Information provided:
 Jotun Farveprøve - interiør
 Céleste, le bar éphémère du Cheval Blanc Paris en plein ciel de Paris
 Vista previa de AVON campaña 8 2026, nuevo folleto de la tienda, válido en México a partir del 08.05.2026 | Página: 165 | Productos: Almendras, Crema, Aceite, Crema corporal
* * *
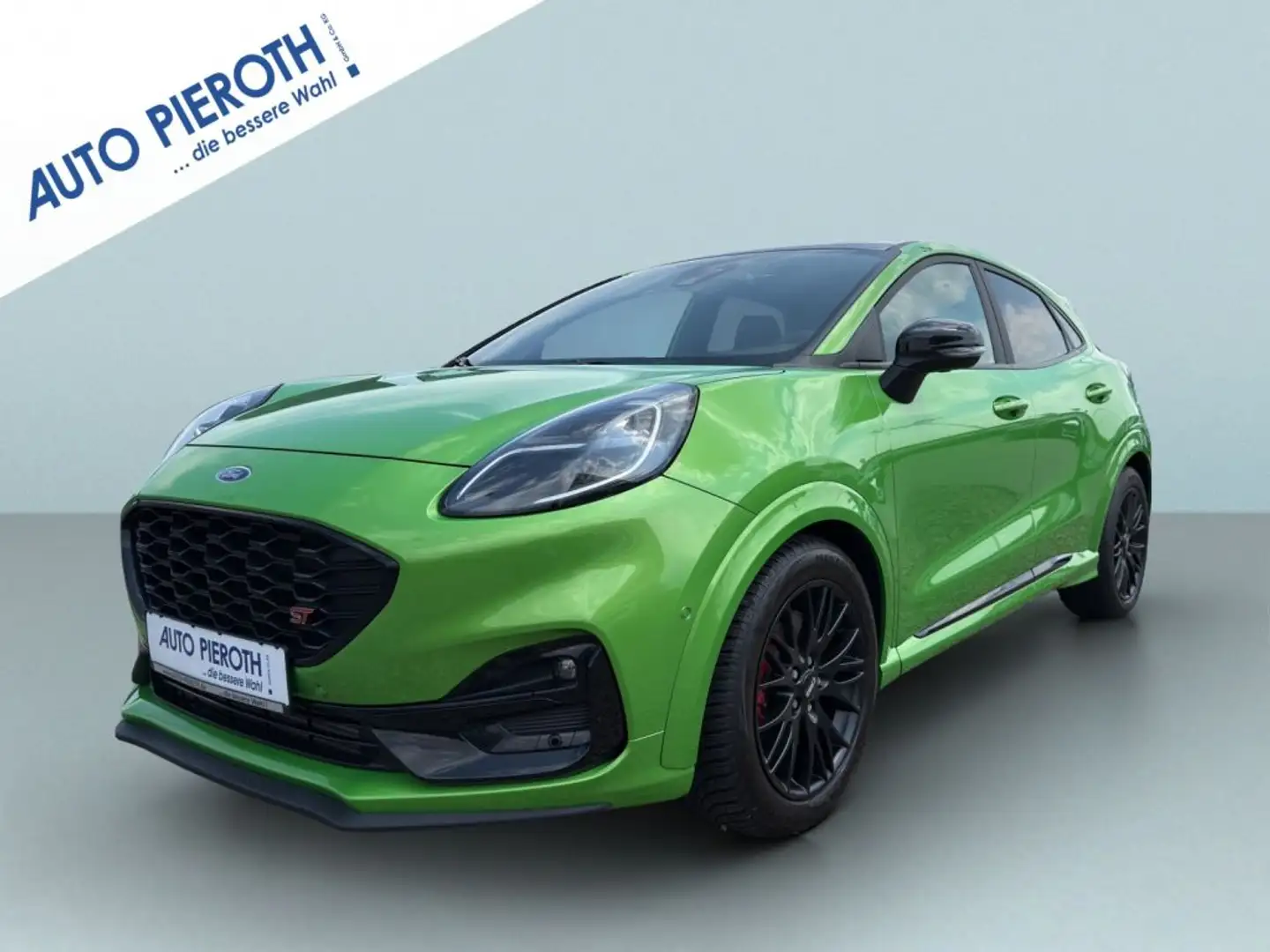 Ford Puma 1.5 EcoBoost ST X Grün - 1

Your task: From the records above, transcribe exactly the run of lines that opens with the line holding "Jotun Farveprøve - interiør" and closes with the line holding "Vista previa de", both included.

Output of the task:
 Jotun Farveprøve - interiør
 Céleste, le bar éphémère du Cheval Blanc Paris en plein ciel de Paris
 Vista previa de AVON campaña 8 2026, nuevo folleto de la tienda, válido en México a partir del 08.05.2026 | Página: 165 | Productos: Almendras, Crema, Aceite, Crema corporal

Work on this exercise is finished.